Having never played sports myself (save a short stint on a field hockey team in which I realized I liked the cute uniforms more than the actual game), this world of middle school and high school athletics I find myself immersed in remains a mystery to me. I attended an informational meeting with fifty other parents for my daughter’s softball team, and I left more confused than when I arrived. Words like dugouts and club teams and “no excuses” were thrown about willy-nilly. I thought it was some sort of perverse joke when they asked for a good portion of my time and even more of my money to stave off ” the cannibalization of school sports by club teams!!!”
I’m sorry, what?
I had no idea what this meant or why everyone nodded and furiously wrote notes-to-self on their sheets of paper. Who knew people took this so seriously? Then my son signed up for club lacrosse and my youngest for Girls on the Run, and the pieces of my athletically puzzled brain snapped into place. My life is slowly being cannibalized by all manner of team sports. I asked my husband why all of this is such a big deal, and he said once most kids reach high school, they’ve reached the pinnacle of their performance. This is it, it’s the last time they’ll play, the last time they’ll be a part of a team in this way.
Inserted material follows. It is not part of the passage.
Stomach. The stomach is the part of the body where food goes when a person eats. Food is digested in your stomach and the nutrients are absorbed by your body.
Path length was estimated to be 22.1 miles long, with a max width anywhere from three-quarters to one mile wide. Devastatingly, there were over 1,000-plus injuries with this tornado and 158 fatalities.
I flashed back to the dads at the softball meeting, with their round bellies and thinning hair. I heard the excitement in their voices, their rising chatter surrounding the potential of their girls and The Team. A few moms joined in too, but most of them slunk low in their chairs, knowing the start of another season meant fitting one more thing in their overtaxed schedule.
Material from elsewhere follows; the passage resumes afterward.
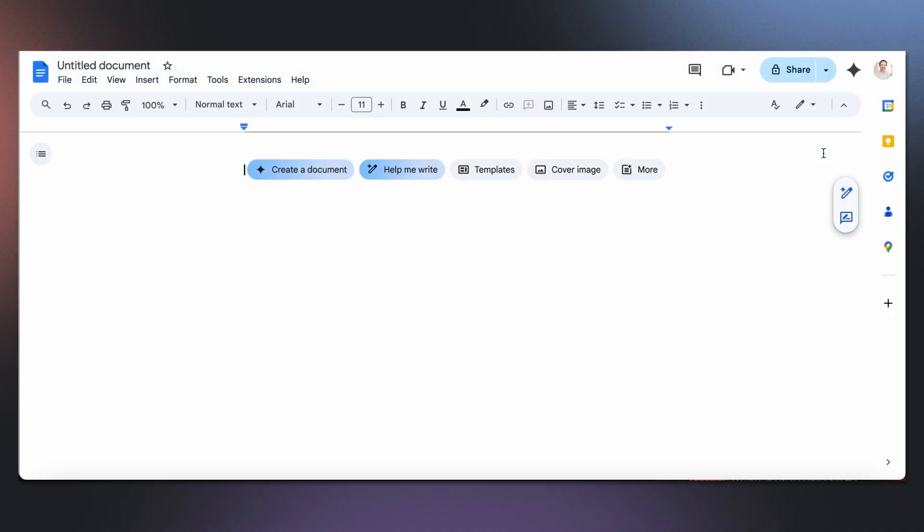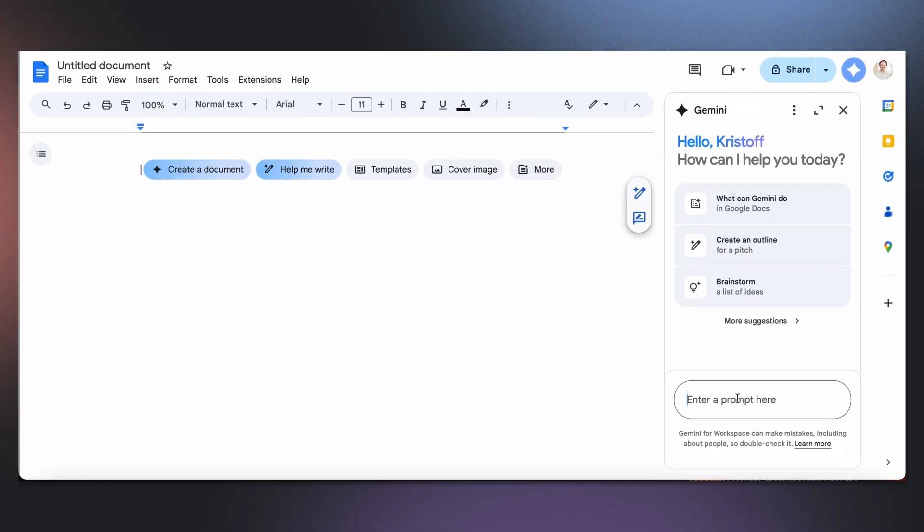So let's say I'm looking to fill a leadership role for my team and one applicant in particular, Chloe, caught my eye because of her portfolio. I want to craft a personalized outreach to her. Now I go into Docs, and to access Gemini, I click on the spark icon in the top right-hand corner.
I think back to that afternoon and I wonder when these moms and dads felt like they reached the pinnacle. Was it during their final season, when life unfolded like an open field waiting for them to run? Was it the decade before their bodies turned soft, their mother hips widening to allow the world to pass through? Maybe they reached it when they hung up their hard-earned diploma or when they walked up the aisle to say “I do” before realizing years later, they actually don’t.
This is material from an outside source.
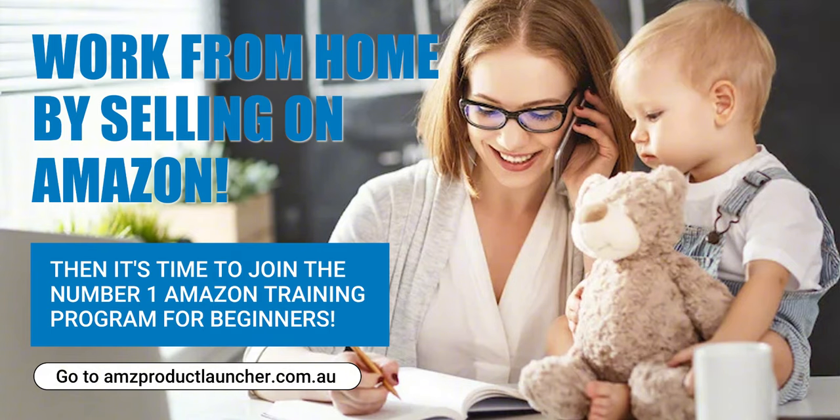Effective product positioning is essential for success on Amazon, and AMZ Product Launcher equips sellers with the tools and expertise needed to stand out in the crowded marketplace. By leveraging advanced techniques such as keyword optimisation, competitor analysis, enhanced product imagery, strategic pricing and continuous optimisation, sellers can elevate their Amazon listings and drive sustainable growth.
I remember my husband’s words and I think about myself too. I don’t think I’ve reached my pinnacle yet. That’s not completely true. After trying on swimsuits this week, I can say my body certainly has seen greater heights, but as to reaching my potential as a human being? I can’t envision that peak. I know it hides there, shrouded behind the clouds. I strive for this unknown height, gaining strength from other summits I’ve reached along the way–the marriage, the mothering, the world-wandering, and the marathons.
This much is true for me and probably for you too: my life is cannibalized by ball schedules. By dishes. By laundry and gravity and the bittersweet aftertaste of the mundane. These ordinary things are part of the path leading to the next summit. The stuff of my everyday become the mile markers I count along the way. They keep my feet planted in this good and dirty earth, when my head wants to live in the clouds.
………………………………
Do you feel like you’ve reached the pinnacle? What are you still working towards? What is your latest summit?